The protection of sensitive data should have high priority for any user. Whereas US citizens and businesses are guided by a "patchwork quilt of … sector-specific privacy laws" , members of the European Union are protected by Directive 95/46/EC , due to be updated for the digital age , with supplemental legislation in individual member countries (e.g., the Federal Data Protection Act of Germany ).
Additional provisions, such as non-disclosure agreements (NDAs) and payment card industry (PCI) and International Organization for Standards (ISO) regulations also inform data security. Finally, mandatory internal and external requirements, such as the Sarbanes-Oxley Act (SOX) , PCI-DSS , ISO 27001 , and Basel II , ensure technical and organizational compliance. Ultimately, each corporation must ensure that it encrypts data in motion (for file transfer) and at rest, thanks to safe (intermediate) storage.

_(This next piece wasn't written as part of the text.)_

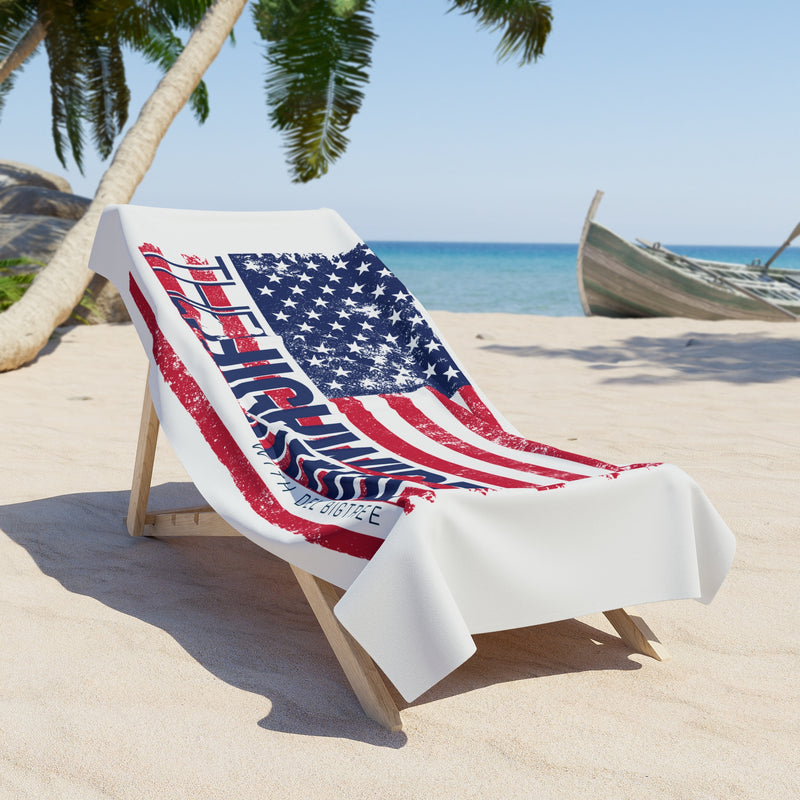 The Highwire American Flag Beach Towel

Germany's Federal Office for Security in Information Technology (BSI) makes some recommendations in its overview paper on online storage from November 2012 : "If sensitive data are transmitted over unsecured networks, consideration must be given to the use of reliable encryption methods." The BSI also explicitly mentions a particular function that is often offered in conjunction with MFT systems – cloud storage – on which users rely for file sharing or collaboration. Whereas individuals often use free Google tools or cloud services, such as Dropbox, Duplicati, and others, companies prefer more secure services and technologies alongside these offerings.
Managed File Transfer
All MFT solutions are similar: They consist of a server on which files of any size can be provided and a system that manages the access and usage rights. The main difference between MFT and insecure technologies is that files are encrypted for storage on the server and are not accessible to unauthorized persons. With MFT, the data is encrypted on the sender's side, and only the authorized recipient can download and decrypt the files. Data is safe not only during transport, but also in temporary storage.
When choosing the encryption strength of the MFT system, you should opt for the secure 256-bit AES standard. Some solutions have a additional security option involving data segmentation, wherein the files are divided into small segments before transmission, transmitted in random order, and re-assembled by the recipient.
This method is known as "managed" file transfer because, generally, either the sender communicates the available file downloads by email, or the managing system runs checks against a personal overview. This function is used in many solutions as proof of the successful delivery of data to the receiver. Logging ensures additional security because logfile analysis can detect transmission errors or unclaimed downloads and inform the consignor accordingly.
Typically, you can also limit the validity of files. In this case, a file can be downloaded up to a certain date or only a certain number of times. These management functions, compared with FTP and the like, represent added value and allow reliable proof of delivery.
Documents sent by MFT via email are not subject to the usual size restrictions. When sensitive information or a large attached file is sent by the user, the email body and the attachment are decoupled. Only a link in the email refers to the attachment; physically, it usually remains encrypted in local storage on an MFT drive or server.
The email recipient can then download by clicking the link to the encrypted file on the sender's MFT server. Integrated upstream authentication is also possible for highly confidential files, wherein the recipient logs on to an MFT portal and then downloads the file after their access credentials have been verified. Normally, the sender receives a message about the attachment being downloaded successfully.
A solution built into Exchange is capable of rules-based classification, wherein predefined policies determine, before transmission, whether a certain file is classified as confidential. Rules can be based, for example, on the sender address, recipient address, file type of the attachment, attachment size, or original location of the attachment. In this way, internal mail can be treated differently from external mail, for example. Some MFT solutions provide widgets for the reception of files from third-party companies, supporting file exchange through internal MFT servers.